#### [TASK TO CARRY OUT]
Nothing outside the lines below from the one containing "Soludos Queen Of" through the one containing "Poodle Dog Print Silky Satin Pajama Set" is to be printed; print those exactly, ends included, and drop the pictures.
- Opening Delimiter -
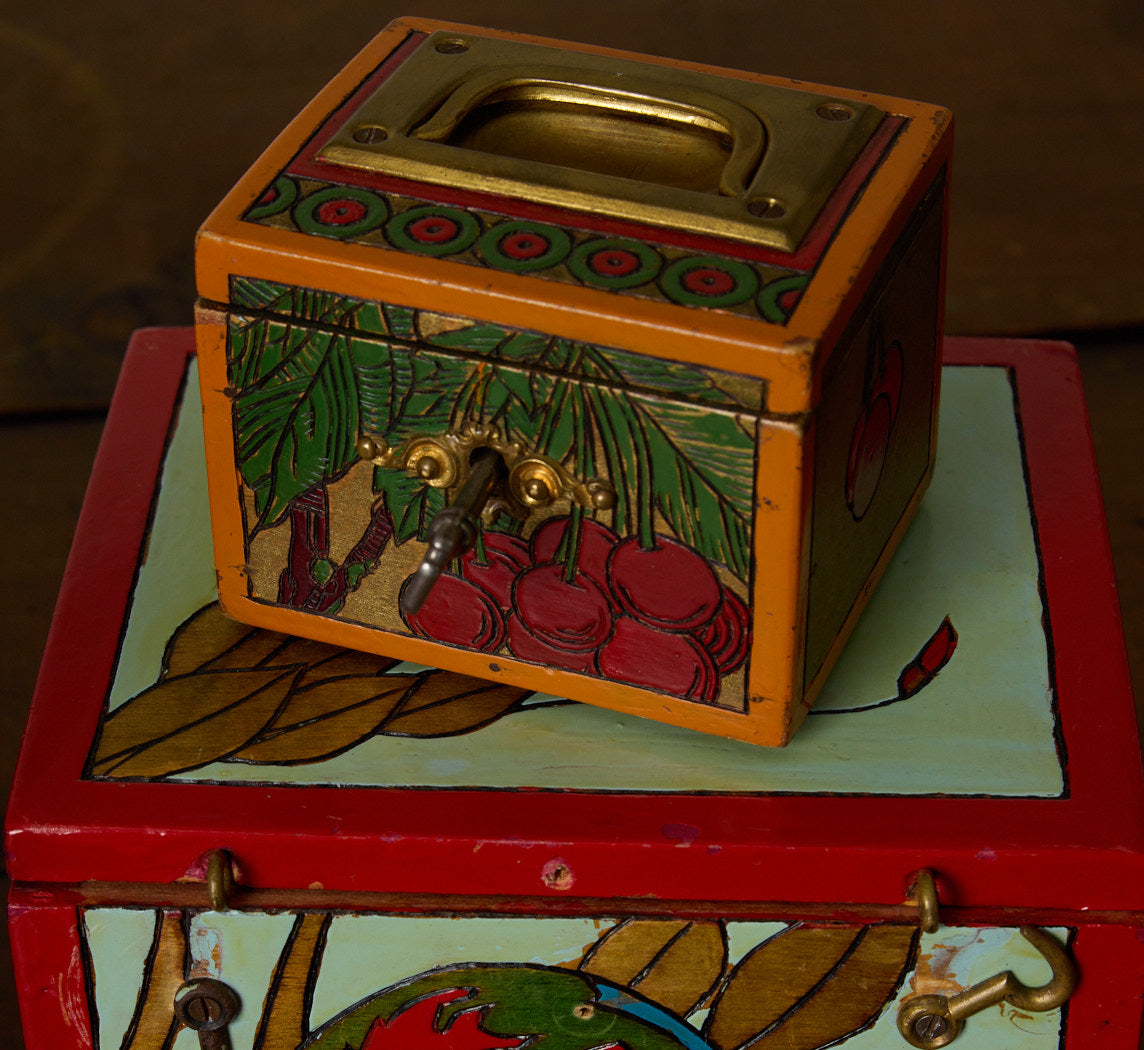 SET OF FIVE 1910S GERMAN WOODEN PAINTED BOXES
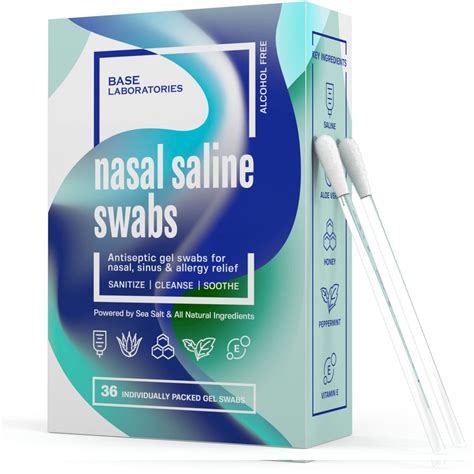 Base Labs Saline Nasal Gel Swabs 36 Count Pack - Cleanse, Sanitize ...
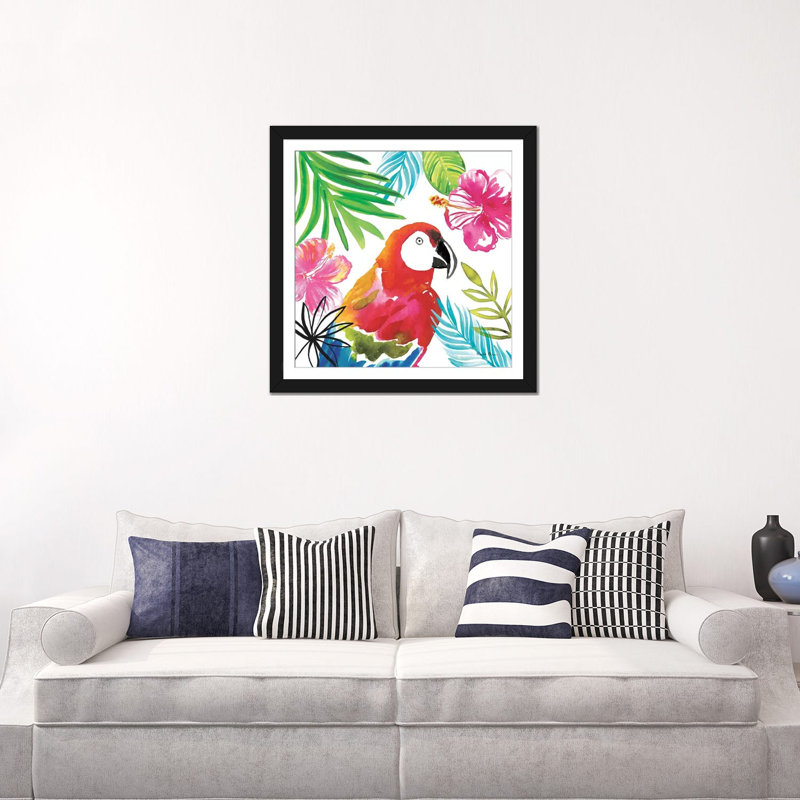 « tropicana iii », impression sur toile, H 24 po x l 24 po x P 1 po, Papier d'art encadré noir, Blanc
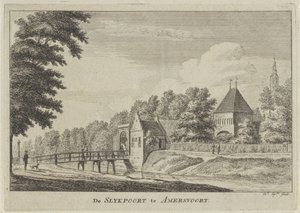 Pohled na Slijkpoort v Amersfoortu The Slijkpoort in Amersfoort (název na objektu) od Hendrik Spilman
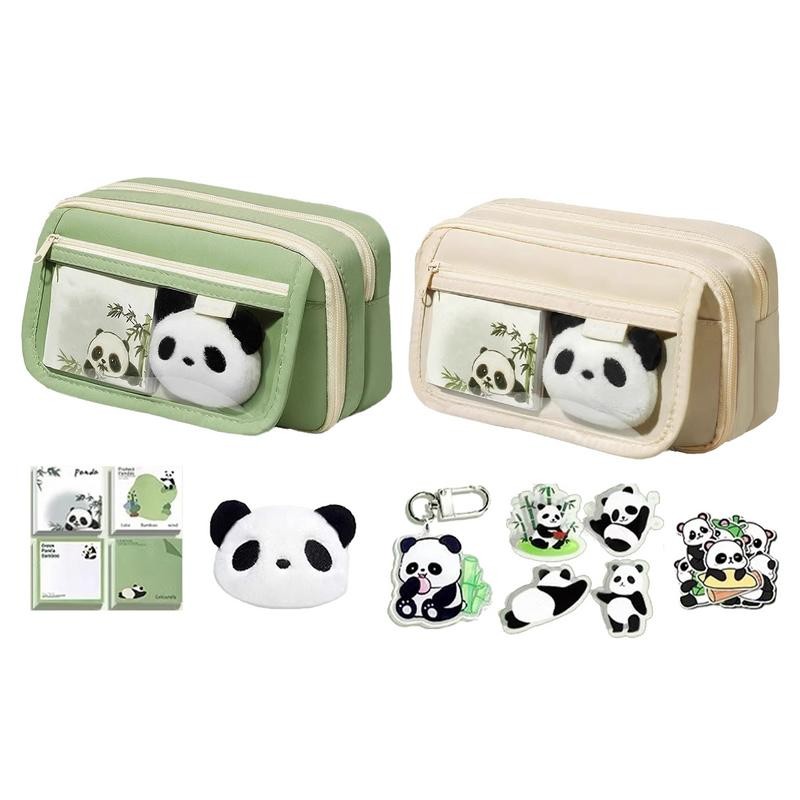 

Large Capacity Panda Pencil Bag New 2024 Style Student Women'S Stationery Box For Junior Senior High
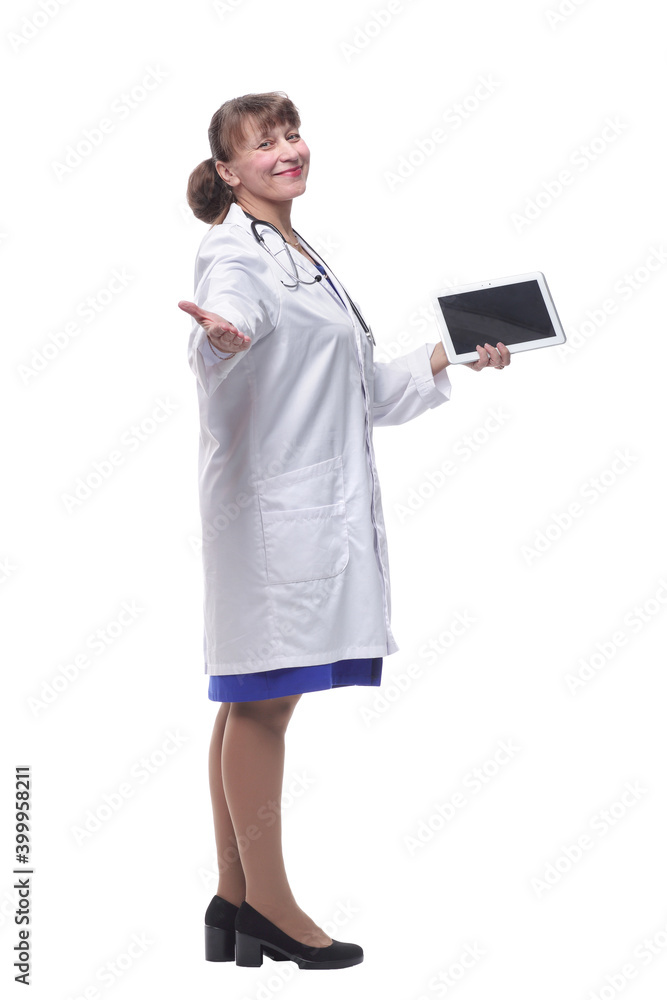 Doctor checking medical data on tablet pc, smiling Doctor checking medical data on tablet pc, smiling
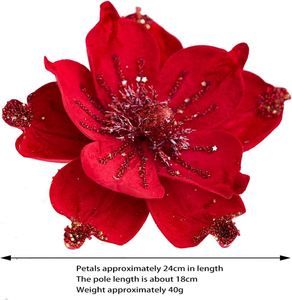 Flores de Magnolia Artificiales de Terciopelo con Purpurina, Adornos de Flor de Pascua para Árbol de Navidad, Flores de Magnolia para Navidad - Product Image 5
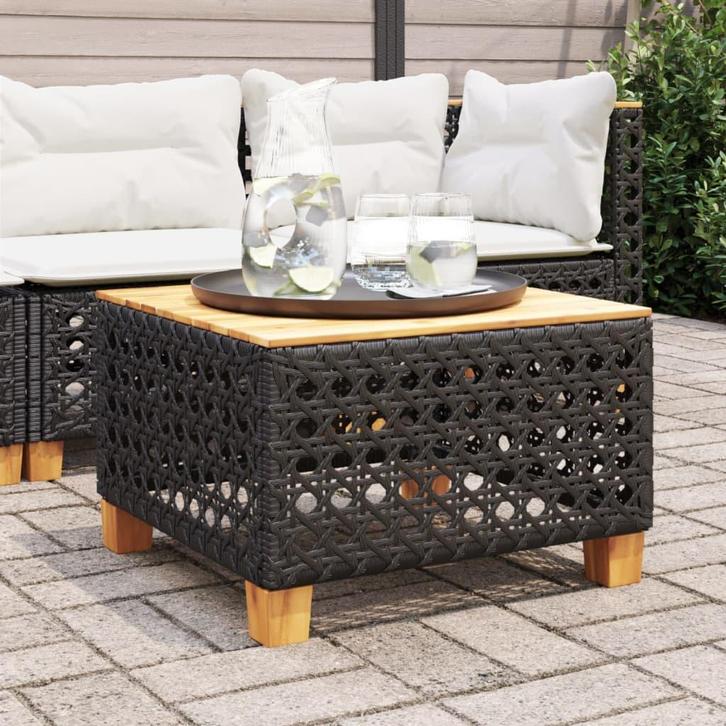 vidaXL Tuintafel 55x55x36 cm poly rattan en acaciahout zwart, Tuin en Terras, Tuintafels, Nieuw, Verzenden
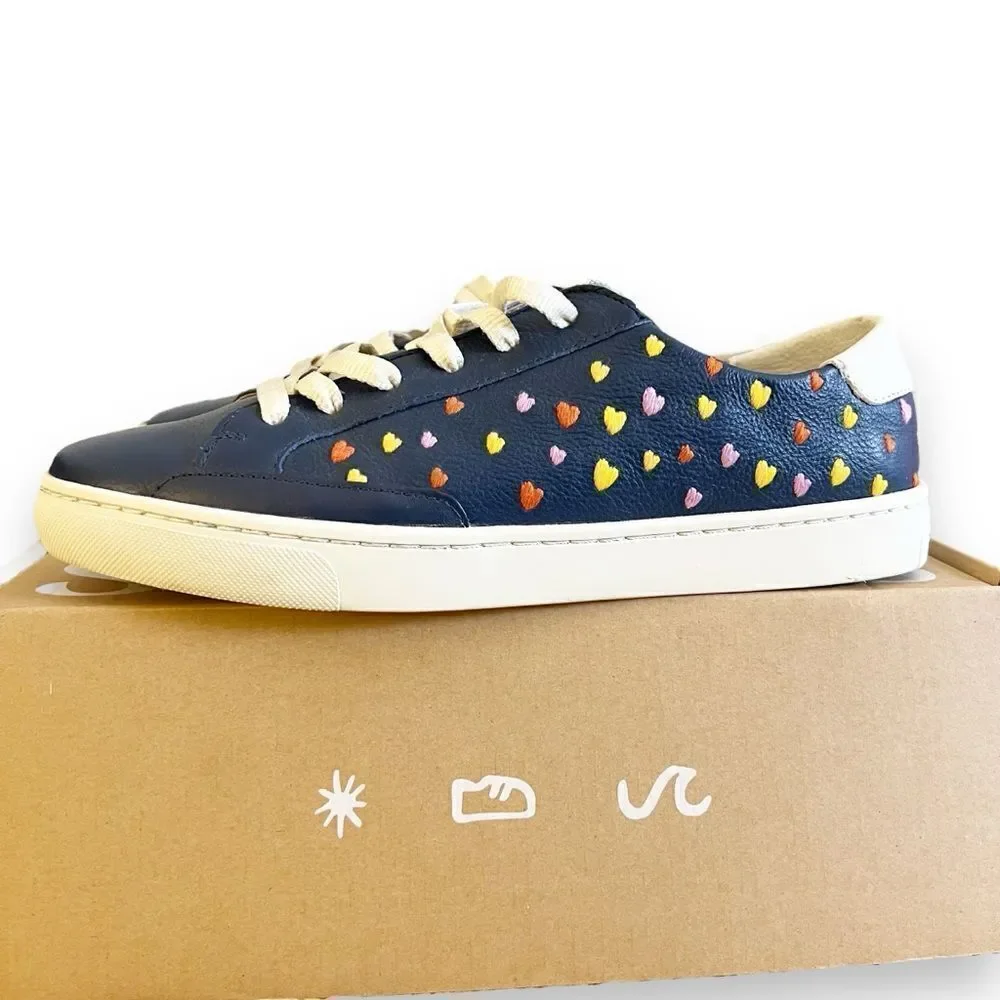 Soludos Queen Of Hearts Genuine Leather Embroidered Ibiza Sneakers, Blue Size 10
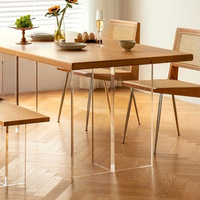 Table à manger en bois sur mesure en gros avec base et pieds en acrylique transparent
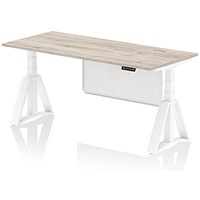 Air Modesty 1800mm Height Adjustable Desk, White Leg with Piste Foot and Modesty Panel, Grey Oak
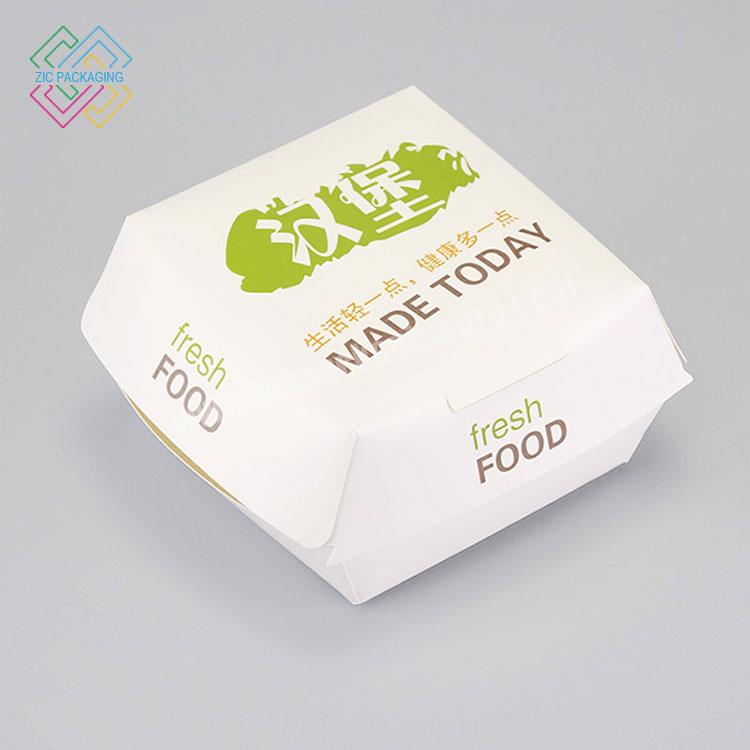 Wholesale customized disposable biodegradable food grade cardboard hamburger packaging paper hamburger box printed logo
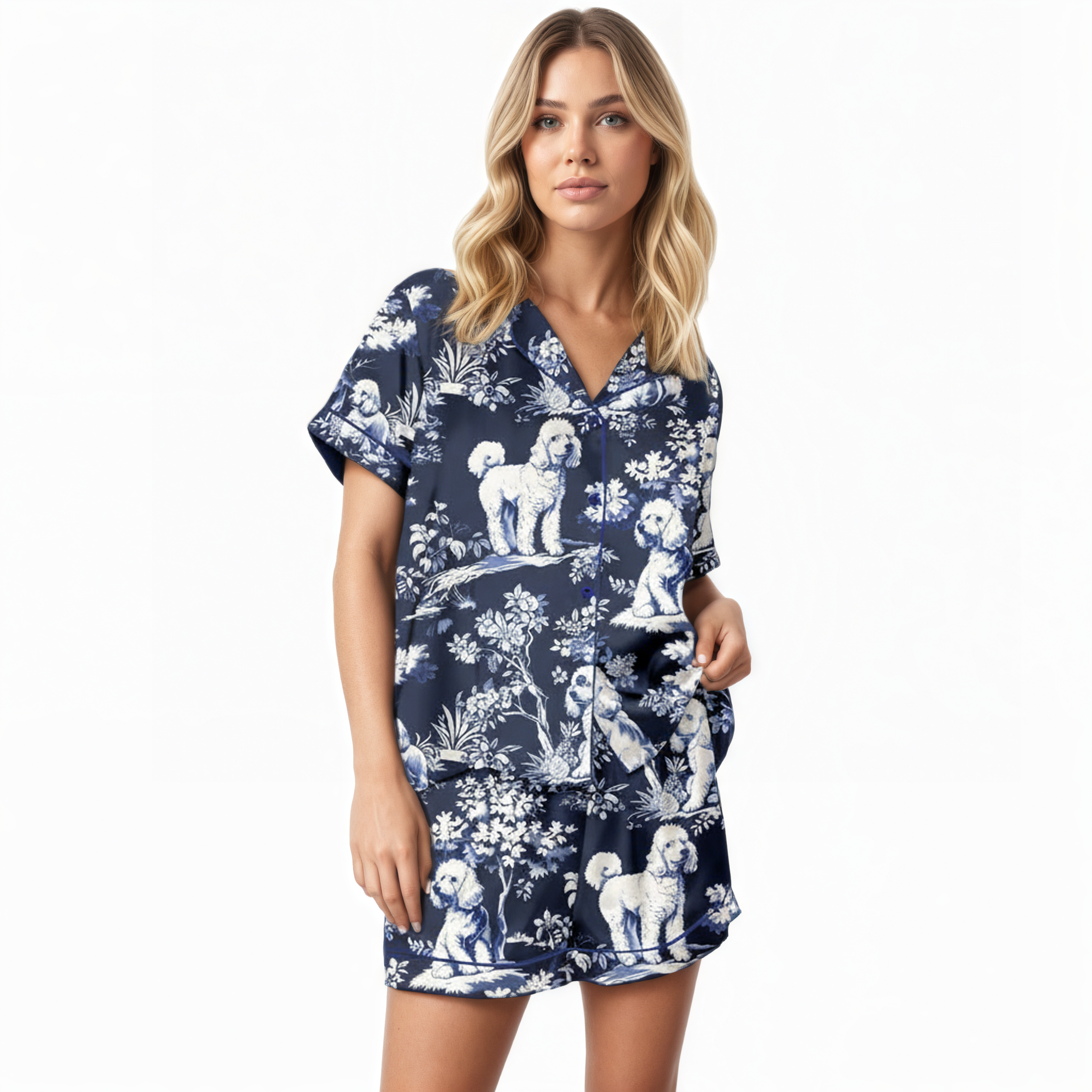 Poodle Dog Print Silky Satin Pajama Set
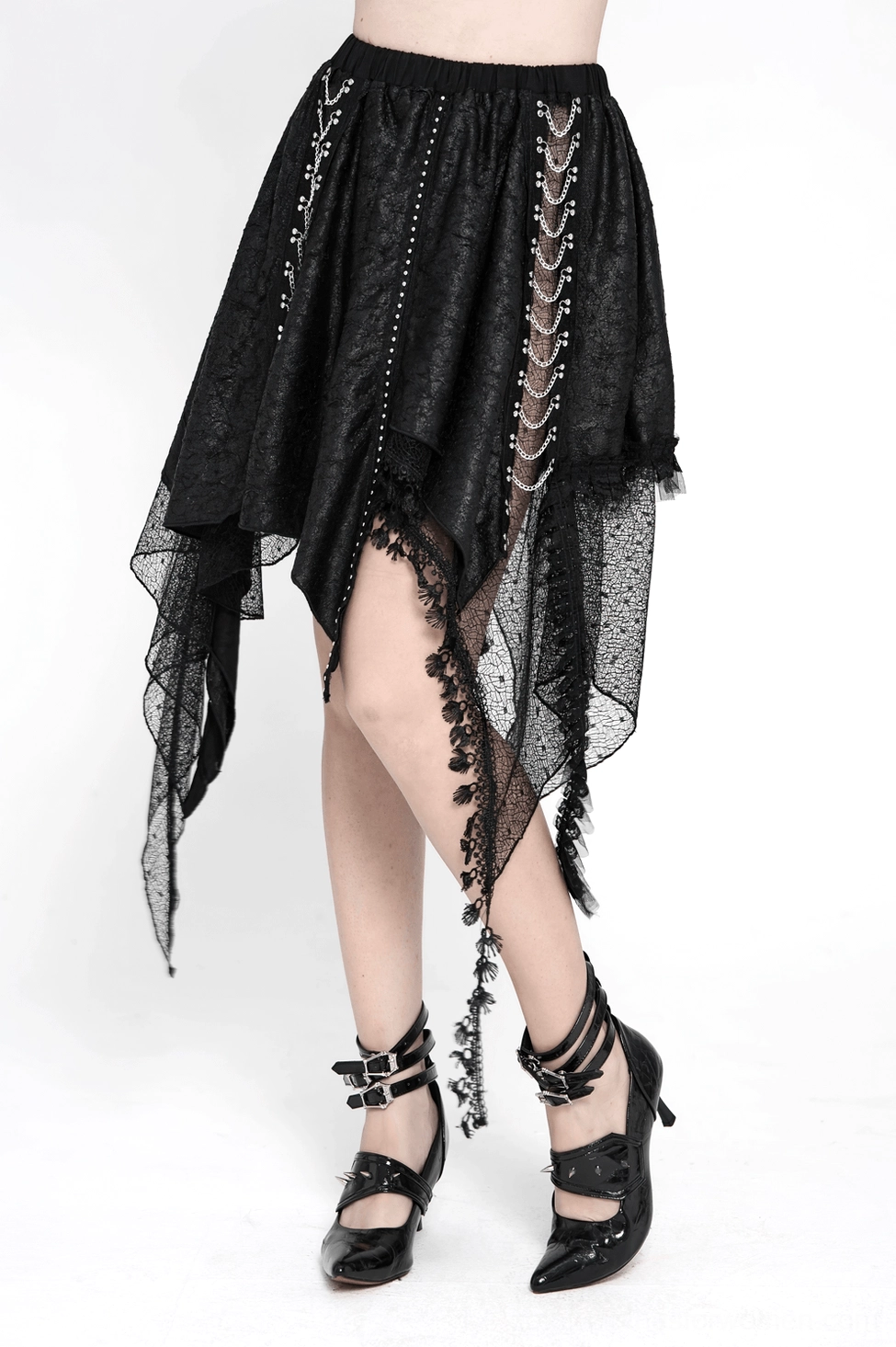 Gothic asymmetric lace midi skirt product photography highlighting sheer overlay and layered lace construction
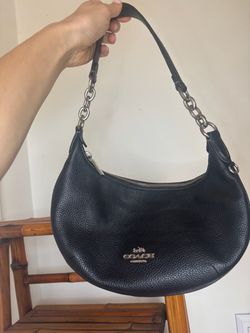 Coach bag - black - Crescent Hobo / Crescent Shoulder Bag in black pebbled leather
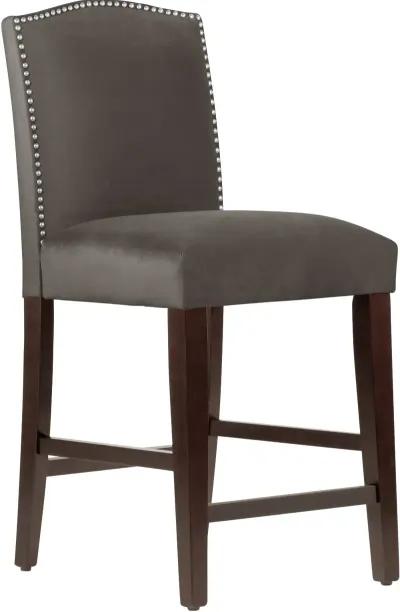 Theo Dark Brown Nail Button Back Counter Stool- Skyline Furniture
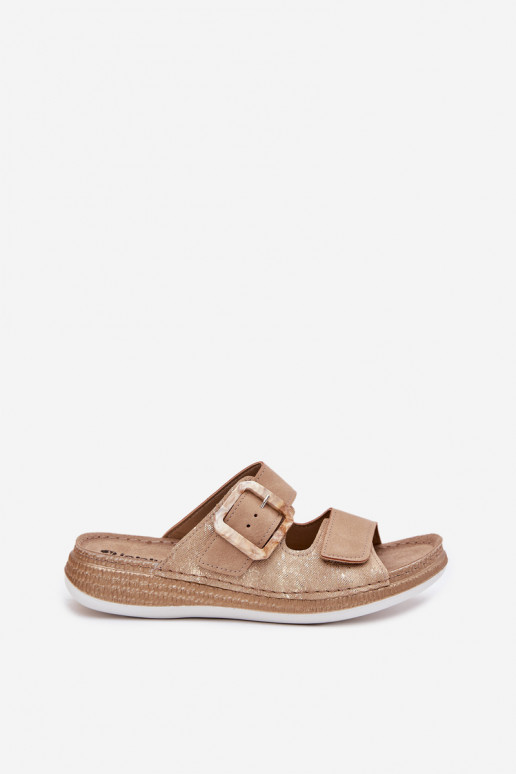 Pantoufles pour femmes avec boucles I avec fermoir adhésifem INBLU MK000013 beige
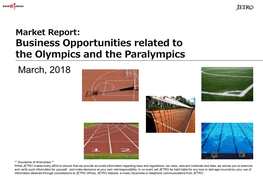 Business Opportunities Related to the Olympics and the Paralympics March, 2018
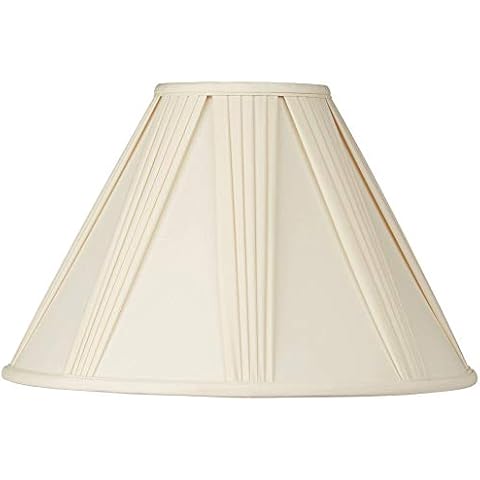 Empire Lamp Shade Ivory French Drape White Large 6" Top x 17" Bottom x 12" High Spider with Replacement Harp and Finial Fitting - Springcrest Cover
- Closing Delimiter -
#### [FINAL ANSWER]
 Soludos Queen Of Hearts Genuine Leather Embroidered Ibiza Sneakers, Blue Size 10
 Table à manger en bois sur mesure en gros avec base et pieds en acrylique transparent
 Air Modesty 1800mm Height Adjustable Desk, White Leg with Piste Foot and Modesty Panel, Grey Oak
 Wholesale customized disposable biodegradable food grade cardboard hamburger packaging paper hamburger box printed logo
 Poodle Dog Print Silky Satin Pajama Set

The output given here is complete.